Dubai, United Arab Emirates – Amid criticism from Amnesty International of a “grossly unfair” trial, Iran executed two members of the banned Mujahedin-e Khalq (MEK) group on charges of attacking civilian infrastructure with homemade missiles, the judiciary’s Mizan News Agency reported on Sunday.
Mehdi Hassani and Behrouz Ehsani Islamlou, identified as “operational elements” of the MEK, were sentenced to death in September.
The report stated that “the terrorists, in coordination with the Mujahedin-e Khalq (MEK) leadership, built launch pads and hand-held mortars in line with the group’s objectives, and indiscriminately fired the shells at civilians, homes, service and administrative facilities, and educational and charitable centers.”
Maryam Rajavi, the leader of the National Council of Resistance of Iran (NCRI), of which the MEK is the main force, praised the two executed men.
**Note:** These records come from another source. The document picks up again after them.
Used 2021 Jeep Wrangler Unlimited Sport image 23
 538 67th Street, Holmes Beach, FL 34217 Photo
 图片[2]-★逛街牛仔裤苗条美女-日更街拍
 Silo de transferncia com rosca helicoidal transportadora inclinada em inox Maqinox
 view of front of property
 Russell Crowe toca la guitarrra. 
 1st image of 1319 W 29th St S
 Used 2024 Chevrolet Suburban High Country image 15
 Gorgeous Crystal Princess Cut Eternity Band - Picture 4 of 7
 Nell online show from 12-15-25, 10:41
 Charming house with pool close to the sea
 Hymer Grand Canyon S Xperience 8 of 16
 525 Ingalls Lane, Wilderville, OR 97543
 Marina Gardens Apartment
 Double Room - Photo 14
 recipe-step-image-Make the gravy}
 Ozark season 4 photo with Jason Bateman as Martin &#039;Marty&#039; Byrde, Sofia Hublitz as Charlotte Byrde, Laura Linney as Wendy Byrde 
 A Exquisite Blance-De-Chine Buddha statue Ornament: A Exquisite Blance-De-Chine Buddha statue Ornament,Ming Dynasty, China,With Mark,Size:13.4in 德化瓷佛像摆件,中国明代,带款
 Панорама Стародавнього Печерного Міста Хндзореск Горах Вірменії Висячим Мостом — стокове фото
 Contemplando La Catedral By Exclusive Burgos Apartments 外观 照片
She said: “A salute of reverence to these steadfast mujahideen who, after three years of tireless resistance under torture, pressure and threats, fulfilled their solemn covenant with God and the people with pride and dignity.”

Various accusation
The defendants were charged with “moharebeh” – an Islamic term meaning waging war against God – destroying public property, and “membership in a terrorist organization with the aim of disrupting national security.”
Amnesty International said that Ehsani Eslamlou and Hassani were arrested in 2022 and maintained their innocence during a trial the rights group described as “grossly unfair and marred by allegations of torture and forced confessions.”
“According to informed sources, Iranian intelligence agents interrogated them without the presence of lawyers and subjected them to torture and other ill-treatment, including beatings and prolonged solitary confinement, to extract self-incriminating statements,” the organization said in January.
According to the Office of the United Nations High Commissioner for Human Rights, the number of people executed in Iran rose to at least 901 by 2024, the highest number since 2015.
The Mujahedin-e Khalq (MEK), known in English as the People’s Mojahedin Organization of Iran (PMOI), was a powerful leftist Islamist group that launched bombing campaigns against the Shah’s government and American targets in the 1970s, but eventually fell out with other factions in the 1979 Islamic Revolution.
Since then, the MEK has opposed the Islamic Republic, and its leadership in exile has been based in Paris. The United States and the European Union listed it as a terrorist organization until 2012.